Work task
Output the full listing below exactly; the images stay out.

Recorded information

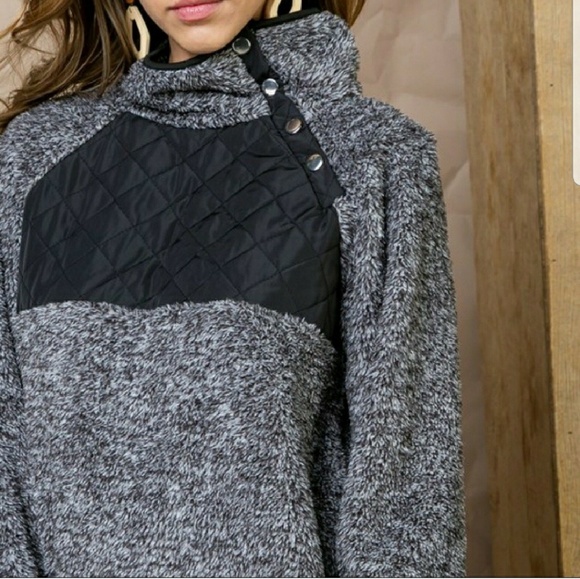 Sweaters - NEW Miranda Super Soft Fuzzy Pullover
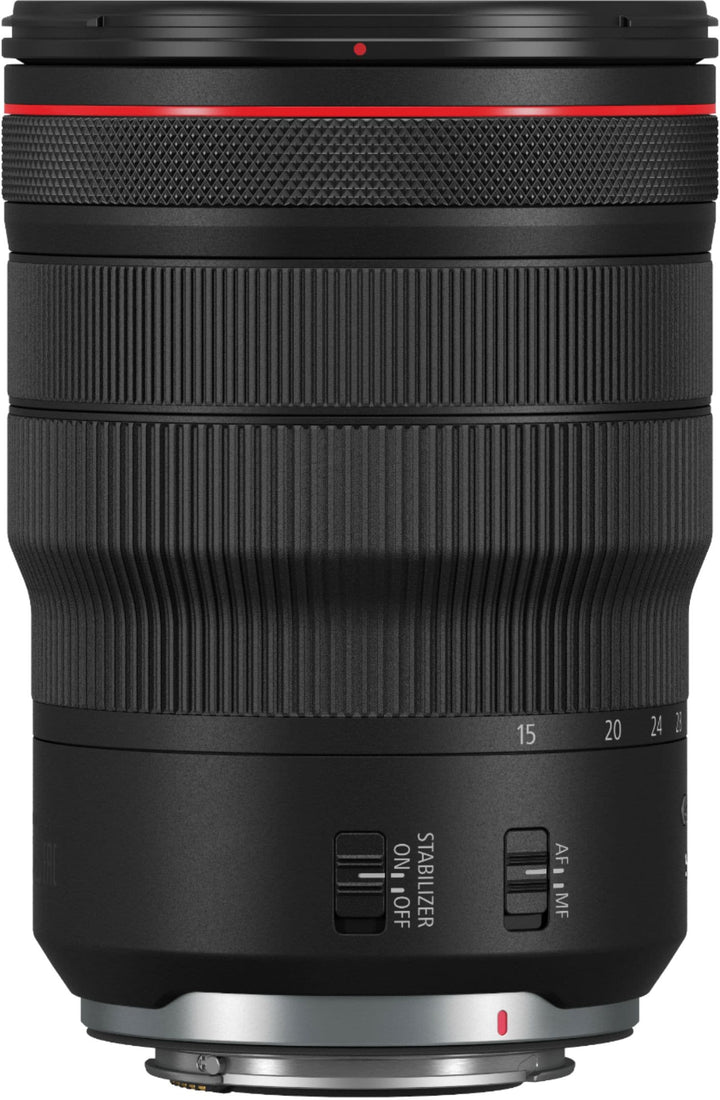 Canon - RF 15-35mm F2.8L IS USM Ultra-Wide-Angle Zoom Lens for RF - Black_2
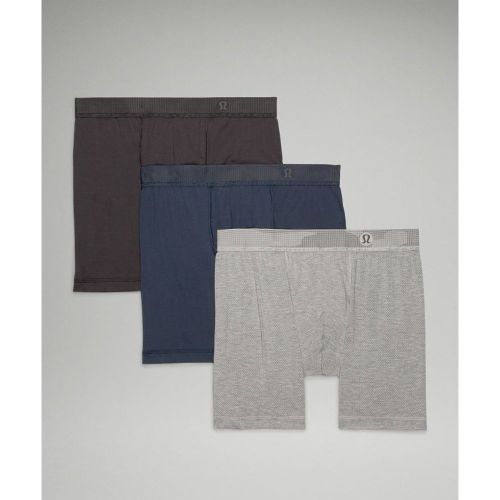 Multipack. Casual Bekleidung. lululemon – Always In Motion Boxershorts 3er-Pack für Männer – 13 cm – Größe M - 144358966 - Modalova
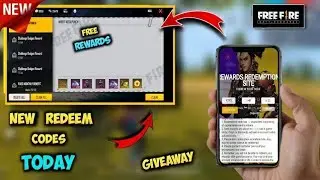 TODAY NEW REDEEM CODE 8 JULY FREE FIRE | FF REDEEM CODE | FF REDEEM CODE TODAY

Task output
 Sweaters - NEW Miranda Super Soft Fuzzy Pullover
 Canon - RF 15-35mm F2.8L IS USM Ultra-Wide-Angle Zoom Lens for RF - Black_2
 Multipack. Casual Bekleidung. lululemon – Always In Motion Boxershorts 3er-Pack für Männer – 13 cm – Größe M - 144358966 - Modalova
 TODAY NEW REDEEM CODE 8 JULY FREE FIRE | FF REDEEM CODE | FF REDEEM CODE TODAY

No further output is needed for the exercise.